Thanks for posting this, Philip. It's good to read things from others I can relate to.

Posted by: Marissa Miller at July 16, 2007 12:03 PM

I think it's more than a baby step here. Sounds like a brilliant author found their voice again,which in fact may never have been silenced, it just needed a place to start writing it out again.

I look forward to part 3.[please?]

Posted by: Stephany at July 16, 2007 07:00 PM

Societies can be crazy too, just like individuals. It may be true that in the United States it's easier to fit in being a sociopath than being bipolar and schizophrenic, but it's probably not so true in many other places. Countries that emphasize the individual over the group, and that tend to exclude people from the mainstream for lots of different reasons, seem to be especially comfortable places for sociopaths.

Inclusive, group-oriented countries are probably easier to live in for people prone to psychological distress. A book I once read, "The Sociopath Next Door", said that it had been estimated somehow that about one out of every 100 persons in the U.S. could be considered to be sociopathic, while in Japan the rate was something like one out of every several thousand (if I remember correctly). I believe the rates in most of the other major countries were lower than in the U.S., also.

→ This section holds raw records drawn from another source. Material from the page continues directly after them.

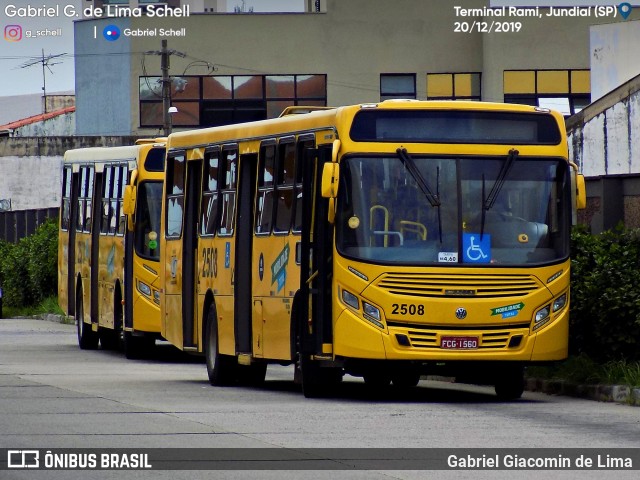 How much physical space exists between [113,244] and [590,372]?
11812 millimetres

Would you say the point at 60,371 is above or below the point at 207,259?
below

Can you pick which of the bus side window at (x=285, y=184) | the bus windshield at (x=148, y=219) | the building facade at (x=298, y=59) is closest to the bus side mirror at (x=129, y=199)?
the bus windshield at (x=148, y=219)

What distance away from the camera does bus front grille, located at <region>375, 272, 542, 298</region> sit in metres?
16.8

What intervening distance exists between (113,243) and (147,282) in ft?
6.37

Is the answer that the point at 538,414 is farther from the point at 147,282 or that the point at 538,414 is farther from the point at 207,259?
the point at 147,282

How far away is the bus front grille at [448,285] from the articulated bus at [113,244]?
1007cm

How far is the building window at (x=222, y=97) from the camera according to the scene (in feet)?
242

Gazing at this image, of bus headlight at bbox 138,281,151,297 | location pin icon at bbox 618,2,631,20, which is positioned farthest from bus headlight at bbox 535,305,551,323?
location pin icon at bbox 618,2,631,20

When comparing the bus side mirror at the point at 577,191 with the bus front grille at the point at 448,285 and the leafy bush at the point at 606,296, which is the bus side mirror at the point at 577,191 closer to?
the bus front grille at the point at 448,285

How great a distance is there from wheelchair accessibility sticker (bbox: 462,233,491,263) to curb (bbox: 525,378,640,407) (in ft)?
6.49

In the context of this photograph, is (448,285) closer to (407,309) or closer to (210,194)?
(407,309)

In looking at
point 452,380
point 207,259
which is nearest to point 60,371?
point 207,259

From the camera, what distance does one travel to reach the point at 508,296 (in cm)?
1705

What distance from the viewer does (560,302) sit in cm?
1739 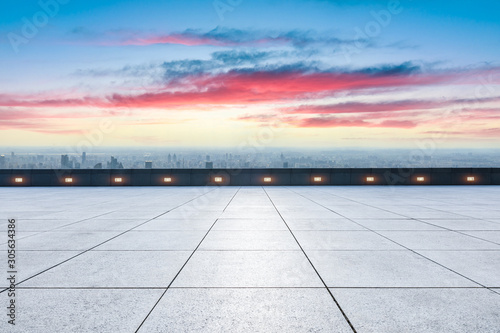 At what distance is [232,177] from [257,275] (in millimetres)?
19024

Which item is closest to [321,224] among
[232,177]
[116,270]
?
[116,270]

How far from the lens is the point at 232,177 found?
944 inches

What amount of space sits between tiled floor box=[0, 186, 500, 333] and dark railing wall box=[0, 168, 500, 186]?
1437cm

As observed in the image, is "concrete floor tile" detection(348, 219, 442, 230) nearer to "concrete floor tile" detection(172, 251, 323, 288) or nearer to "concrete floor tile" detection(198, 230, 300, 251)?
"concrete floor tile" detection(198, 230, 300, 251)

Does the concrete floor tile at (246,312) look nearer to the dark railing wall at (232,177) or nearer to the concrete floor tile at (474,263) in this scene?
the concrete floor tile at (474,263)

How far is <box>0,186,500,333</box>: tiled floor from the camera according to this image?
3652mm

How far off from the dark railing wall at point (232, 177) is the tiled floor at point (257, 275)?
14.4 meters

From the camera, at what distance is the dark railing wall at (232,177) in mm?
24016

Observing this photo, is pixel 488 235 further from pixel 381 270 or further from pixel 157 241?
pixel 157 241

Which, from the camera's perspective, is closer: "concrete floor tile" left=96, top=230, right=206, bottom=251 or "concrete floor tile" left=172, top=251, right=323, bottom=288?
"concrete floor tile" left=172, top=251, right=323, bottom=288

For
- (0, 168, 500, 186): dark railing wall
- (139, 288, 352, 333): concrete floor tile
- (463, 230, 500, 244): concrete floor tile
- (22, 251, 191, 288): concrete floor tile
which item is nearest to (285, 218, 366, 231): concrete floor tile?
(463, 230, 500, 244): concrete floor tile

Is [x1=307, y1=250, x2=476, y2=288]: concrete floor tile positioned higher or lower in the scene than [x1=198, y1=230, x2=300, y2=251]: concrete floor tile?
lower

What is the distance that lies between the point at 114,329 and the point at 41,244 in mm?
4445

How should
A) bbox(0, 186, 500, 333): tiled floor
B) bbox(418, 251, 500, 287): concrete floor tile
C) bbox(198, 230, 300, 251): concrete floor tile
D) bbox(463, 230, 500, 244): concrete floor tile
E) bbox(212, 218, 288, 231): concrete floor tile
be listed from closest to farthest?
bbox(0, 186, 500, 333): tiled floor → bbox(418, 251, 500, 287): concrete floor tile → bbox(198, 230, 300, 251): concrete floor tile → bbox(463, 230, 500, 244): concrete floor tile → bbox(212, 218, 288, 231): concrete floor tile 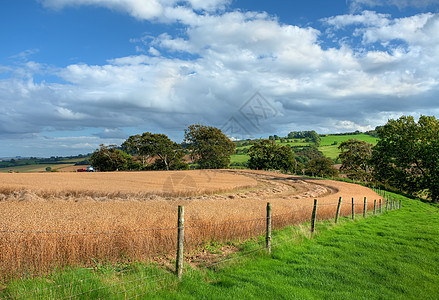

So it's as much a problem with the society as with anything else. The "rugged individualism" attitude seems to make psychological problems worse. We blame too many things on individuals, especially on individuals who don't mindlessly conform to the most common ways of thinking.

Robert Frost once said in a poem: "Forgive, oh lord, my little jokes on thee - and I'll forgive thy great big one on me." That seems to be somehow relevant to all this.

Posted by: Kent at July 16, 2007 08:21 PM

I think Kent makes a good point--if anyone appears non-conforming, or eccentric etc. they can get classified as mentally ill. What happened to the word "personality"? I know my favorite people are ones that others might consider quirky, eccentric artists and go-getters.I wouldn't call 'em abnormal, I'd call them interesting and living life the way most long to do. Expressing themselves creatively, and feeling comfortable in their own skin. Typical members of society see these personalities as different than themself, therefore labeling us as non-conformists and weird or mentally ill.
In a college sociology class the Prof gave us all a quiz about conformity one day. There were about 60 people in that class, and I landed in the 1% of non-conformists. I walked out of there thanking God I wasn't just another sheep following the herd.